An evenly split First Circuit was unable to definitively answer whether the ATF’s investigation violated the Fourth Amendment. The judges on both sides of this split attempted to faithfully apply current doctrine to the facts of Moore’s case, but none applied the Fourth Amendment’s explicit terms. They instead followed the “reasonable expectation of privacy” test endorsed by the U.S. Supreme Court. According to that test, as set out in Justice Harlan’s concurring opinion in Katz v. United States (1967), a search occurs when government action upsets a reasonable expectation of privacy.

Ms. Moore has filed a petition to the Supreme Court. Building on our brief in Tuggle v. United States (2021), the Cato Institute submitted an amicus brief in support, in which we argue that the Court should abandon analyzing Fourth Amendment searches and seizures under the “reasonable expectation of privacy test.” Instead, the Court should hew more closely to the actual text of the Fourth Amendment, which ensures that “The right of the people to be secure in their persons, houses, papers, and effects, against unreasonable searches and seizures, shall not be violated.” Courts should therefore ask the following series of questions: Was there a search? A seizure? Was any search or seizure of their persons, houses, papers, or effects? Was any such search or seizure reasonable?

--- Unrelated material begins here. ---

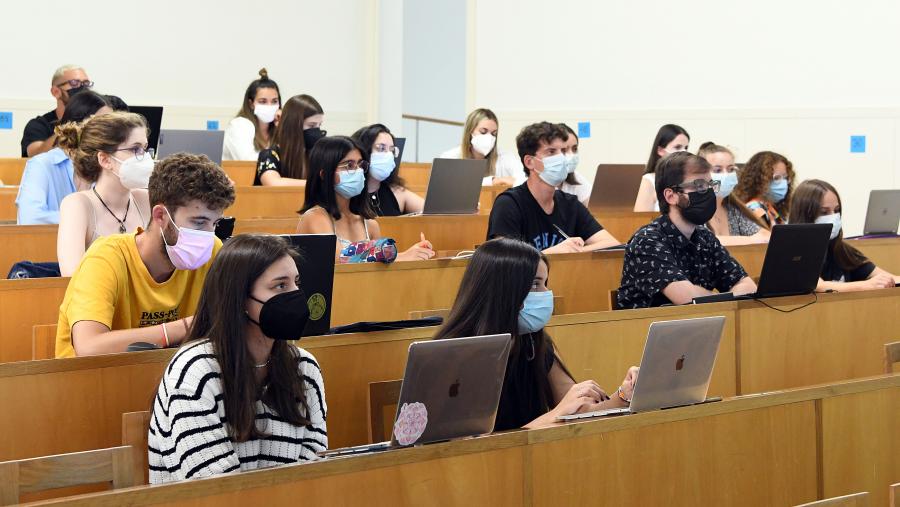 Estudantes na aula. Foto: Santi Alvite Estudantes na aula. Foto: Santi Alvite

In this case, the ATF’s surveillance of Ms. Moore’s home was undoubtedly a search, on an ordinary, common-sense understanding of that term. A search is looking over or through something with a purpose of finding or uncovering information. Here, the highly directed and persistent observation of Ms. Moore at her home is a “search” for evidence against her in the natural sense of that term. The ATF’s search was almost certainly unreasonable as well. For months, the ATF intentionally and pervasively pried into the details of Ms. Moore’s life at home without any judicial supervision and with no justification for failing to procure a warrant other than pure convenience. But pure convenience cannot be a constitutionally adequate justification to avoid the protections of the Fourth Amendment. To stabilize courts’ application of the Fourth Amendment and better position them to assess “high-tech” cases, we urge the Court in our brief to grant the petition and adopt a framework that hews more faithfully to the language, meaning, and structure of the Fourth Amendment.